> _EXERCISE_
Make an exact copy, from the records below, of the lines from the line containing "La pagina di" to the line containing "thumbnail image 5", both lines included, excluding pictures.

(DATASET CONTENT begins)

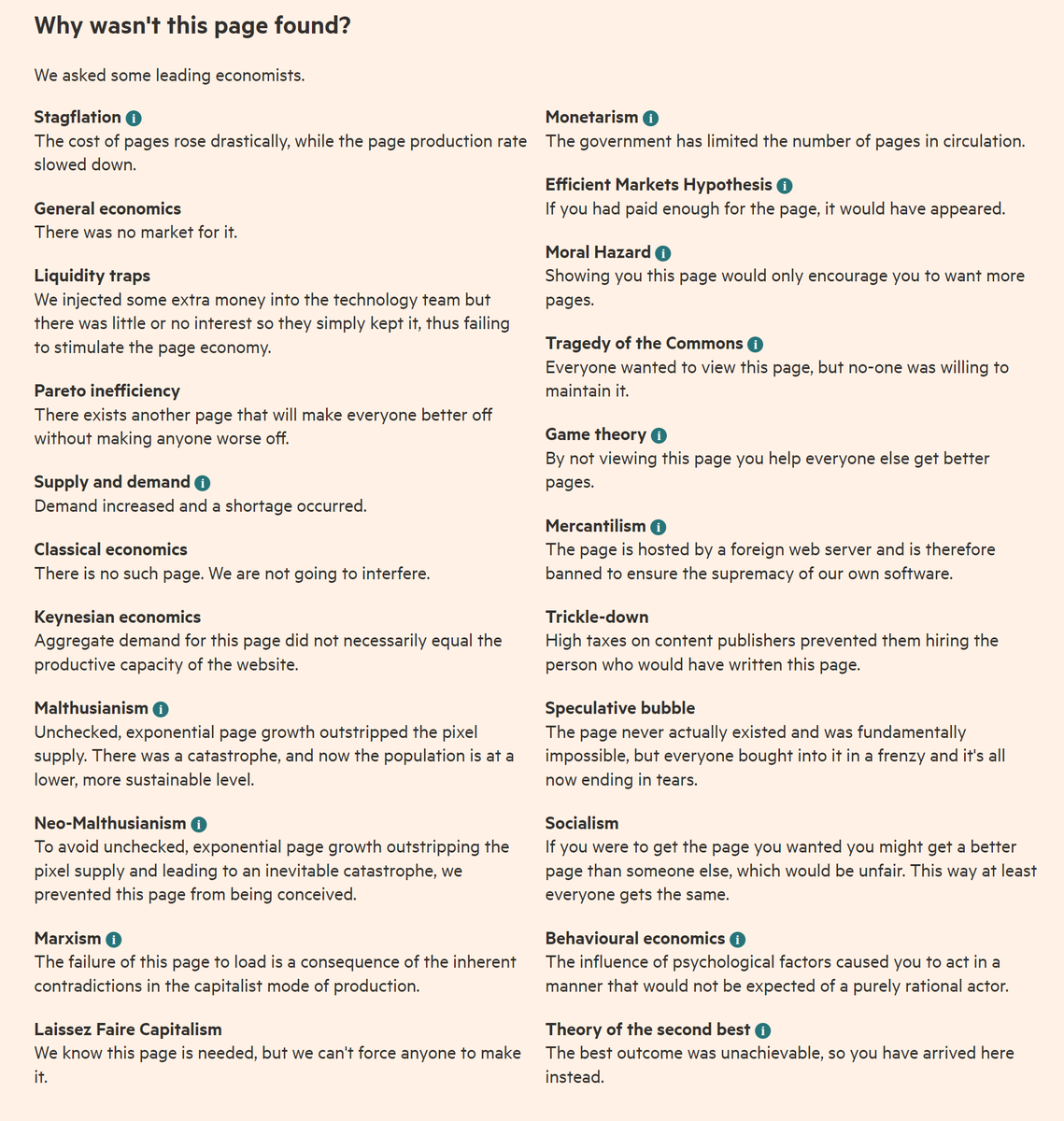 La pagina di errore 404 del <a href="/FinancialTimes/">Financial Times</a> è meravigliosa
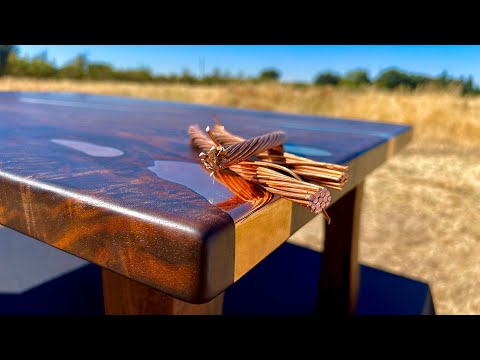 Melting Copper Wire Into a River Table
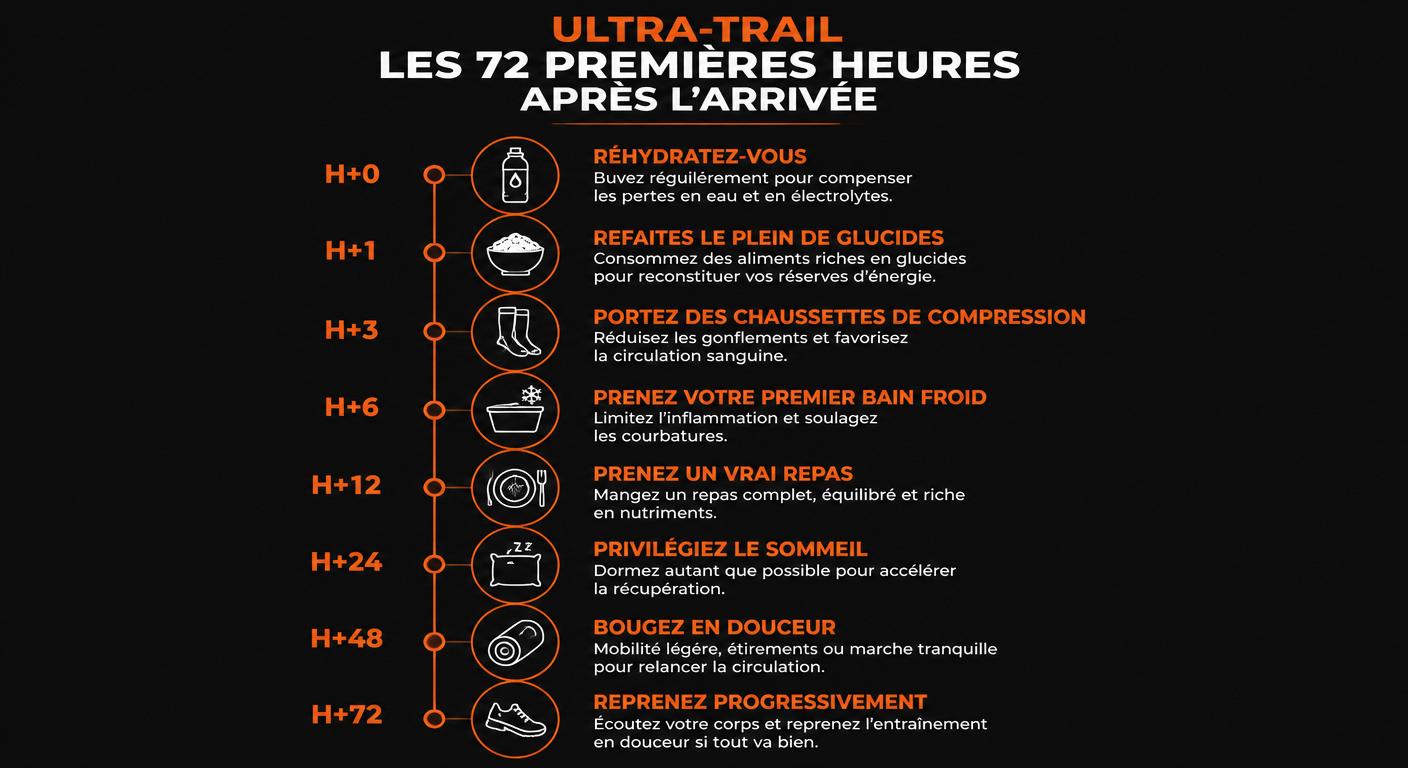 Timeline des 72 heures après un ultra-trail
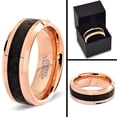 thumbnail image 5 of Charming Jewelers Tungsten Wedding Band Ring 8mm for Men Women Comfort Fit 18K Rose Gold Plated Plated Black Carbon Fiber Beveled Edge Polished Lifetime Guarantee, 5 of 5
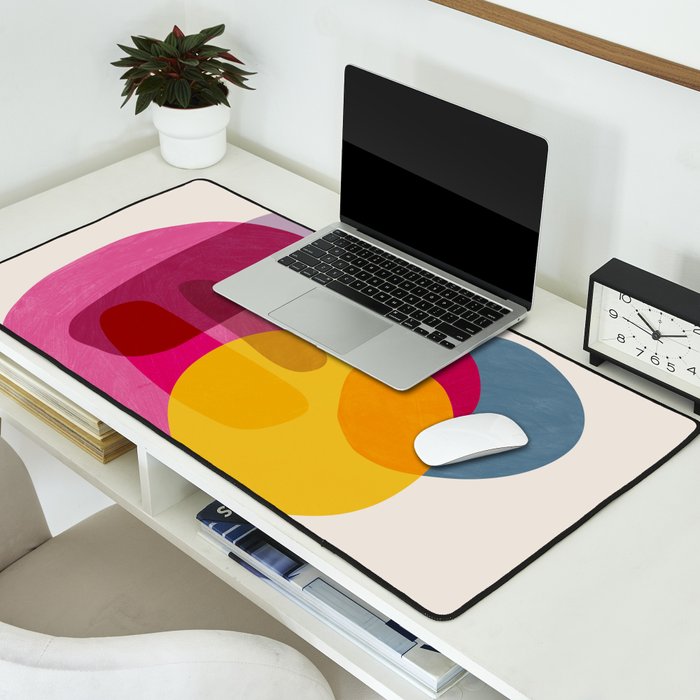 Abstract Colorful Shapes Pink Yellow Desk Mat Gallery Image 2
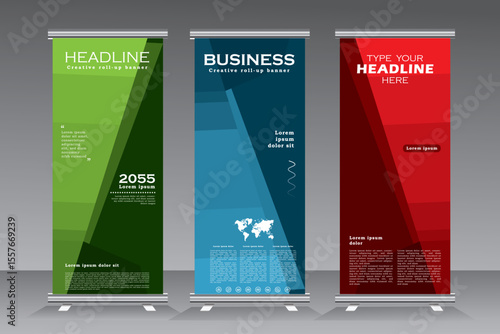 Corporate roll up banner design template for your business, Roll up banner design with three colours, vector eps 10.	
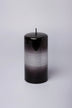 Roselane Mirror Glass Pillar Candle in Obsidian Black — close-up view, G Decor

(DATASET CONTENT ends)
(DATASET CONTENT begins)

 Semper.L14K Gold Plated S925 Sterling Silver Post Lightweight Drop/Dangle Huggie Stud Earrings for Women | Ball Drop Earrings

(DATASET CONTENT ends)
(DATASET CONTENT begins)

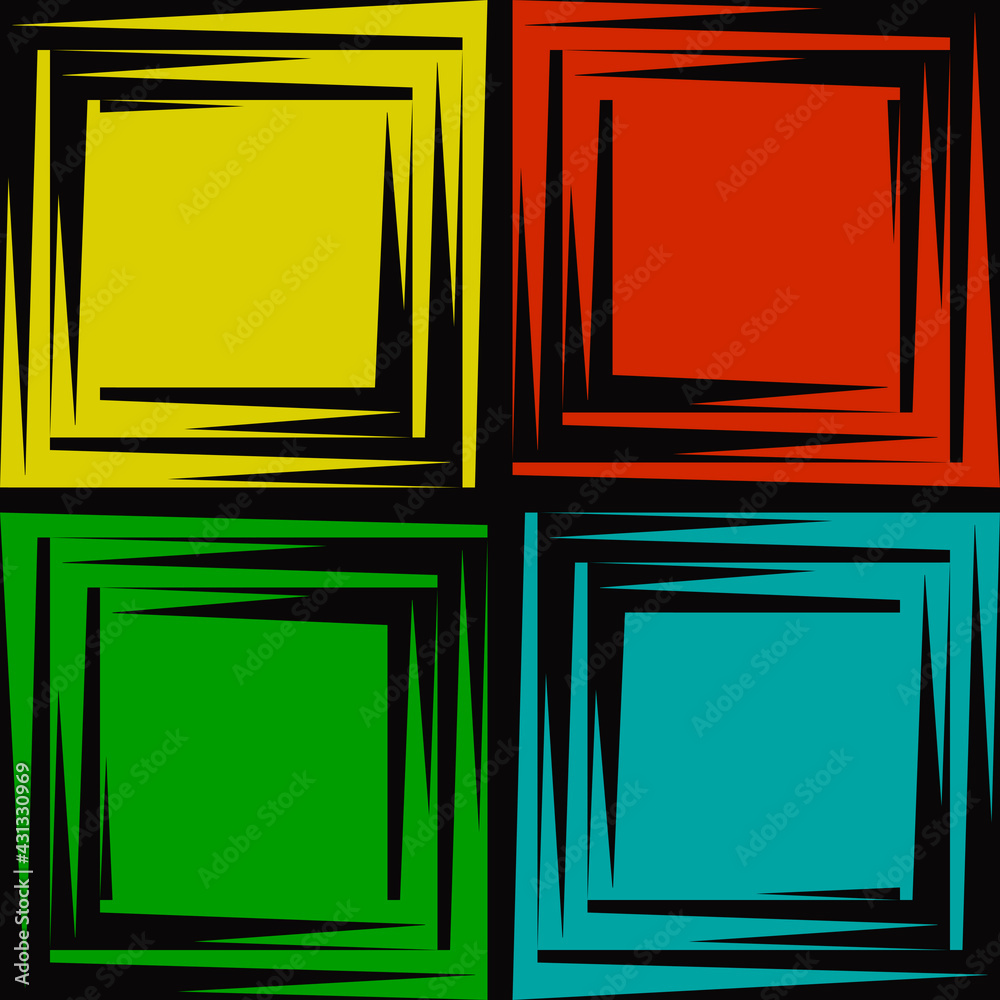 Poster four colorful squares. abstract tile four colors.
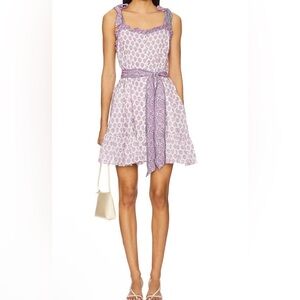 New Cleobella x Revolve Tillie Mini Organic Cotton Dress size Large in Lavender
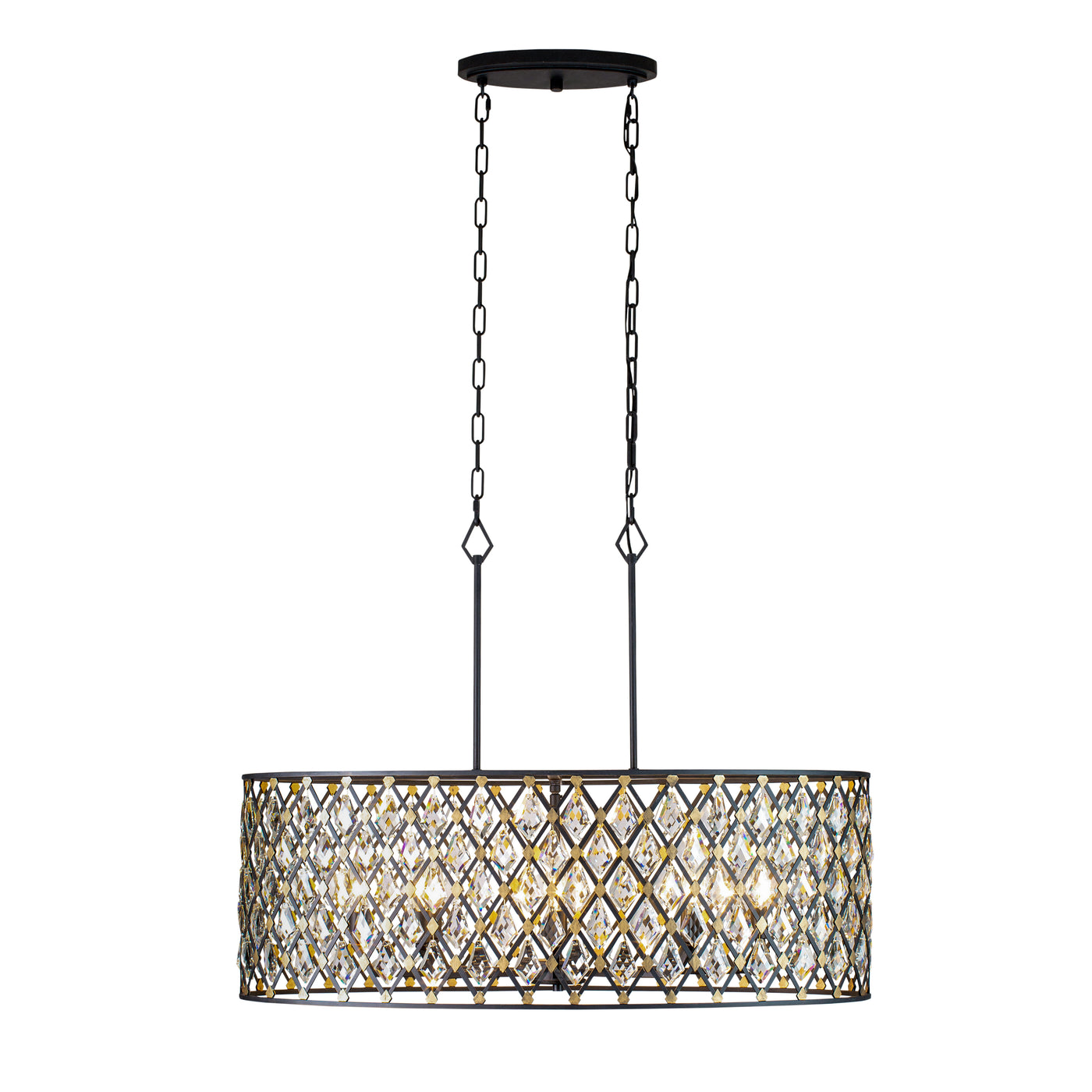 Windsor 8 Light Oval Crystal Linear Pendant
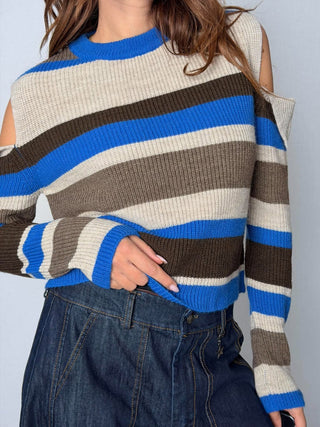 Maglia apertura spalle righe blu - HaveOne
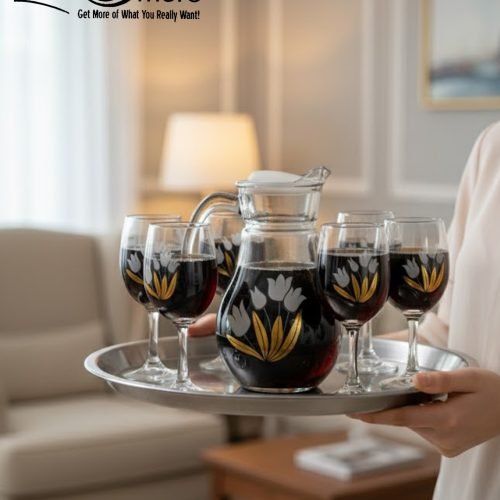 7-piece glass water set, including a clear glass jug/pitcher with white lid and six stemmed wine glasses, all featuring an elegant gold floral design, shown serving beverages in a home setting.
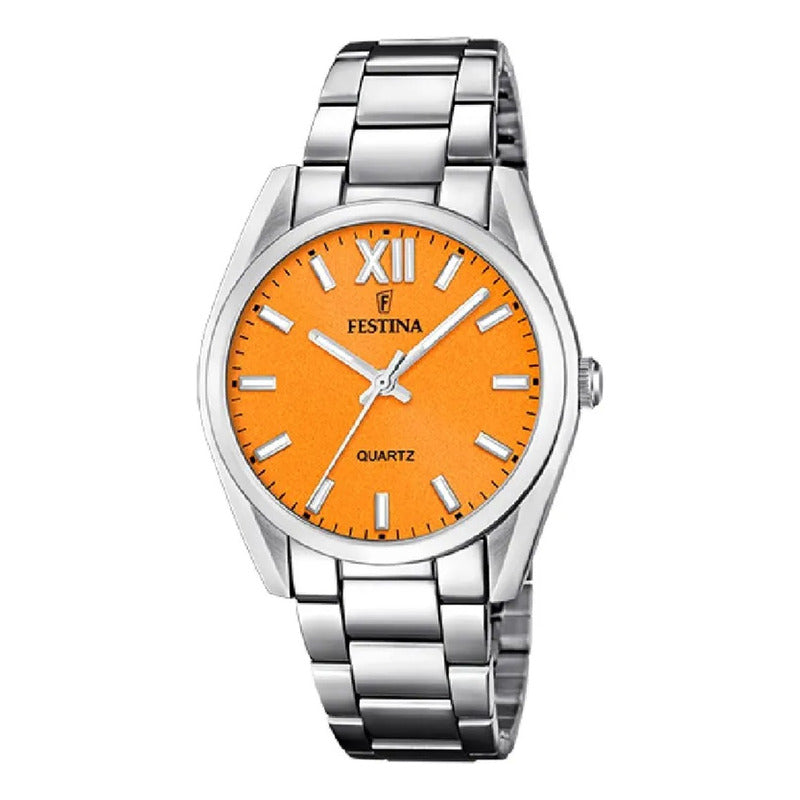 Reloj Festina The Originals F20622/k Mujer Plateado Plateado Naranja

(DATASET CONTENT ends)

> _RESPONSE TO THIS EXERCISE_
 La pagina di errore 404 del <a href="/FinancialTimes/">Financial Times</a> è meravigliosa
 Melting Copper Wire Into a River Table
 Timeline des 72 heures après un ultra-trail
 thumbnail image 5 of Charming Jewelers Tungsten Wedding Band Ring 8mm for Men Women Comfort Fit 18K Rose Gold Plated Plated Black Carbon Fiber Beveled Edge Polished Lifetime Guarantee, 5 of 5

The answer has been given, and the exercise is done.